> [What the task requires]: With the pictures removed, the data below must be transcribed in full and exactly.

> [Collected data]:
* * *

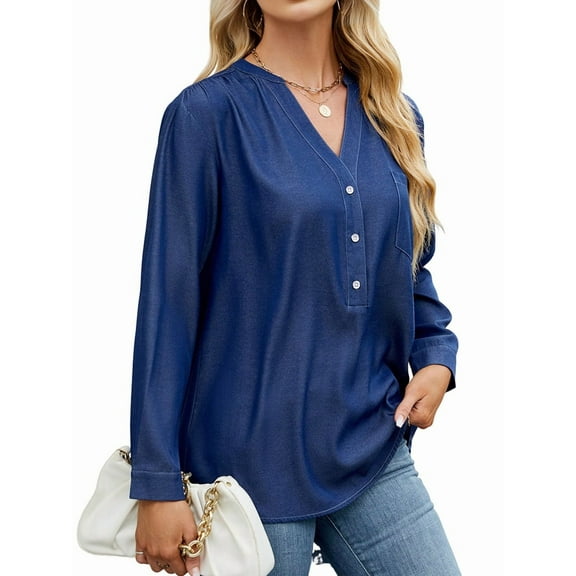 Womens V Neck Shirts Long Sleeve Collared Tops Loose Casual Tunic Blouses with Pocket Dark Blue XXL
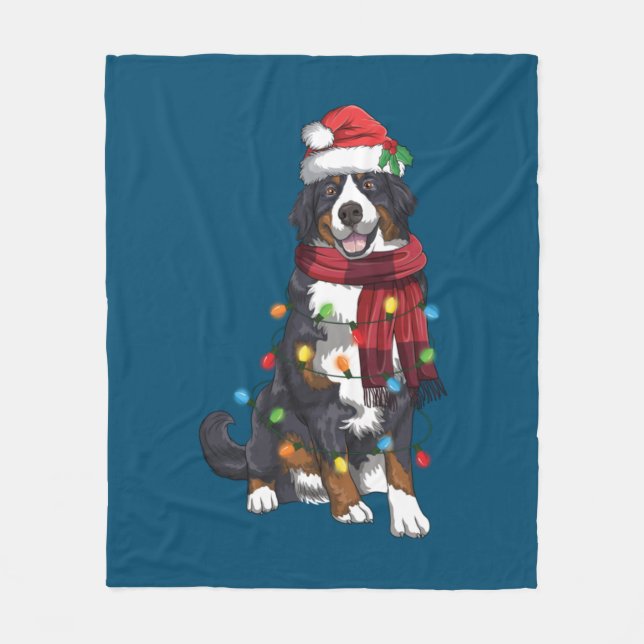 Bernese Mountain Christmas Light Funny Dog Lover Fleecedecke (Vorderseite)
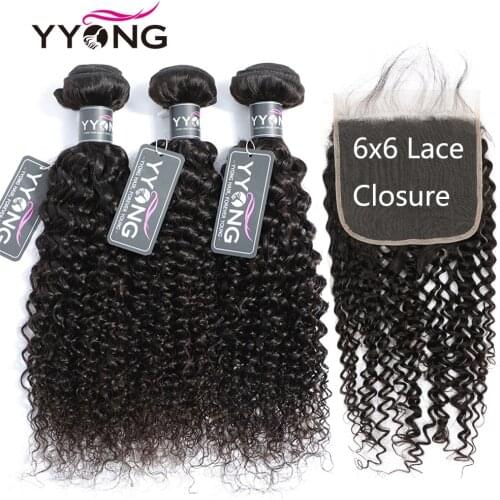 YYong 6X6 Lace Closure With Bundles Brazilian Kinky Curly Remy Hair Bundles With Lace Closure 100% Human Hair Natural Color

* * *

> [Answer section]:
 Womens V Neck Shirts Long Sleeve Collared Tops Loose Casual Tunic Blouses with Pocket Dark Blue XXL
 Bernese Mountain Christmas Light Funny Dog Lover Fleecedecke (Vorderseite)
 YYong 6X6 Lace Closure With Bundles Brazilian Kinky Curly Remy Hair Bundles With Lace Closure 100% Human Hair Natural Color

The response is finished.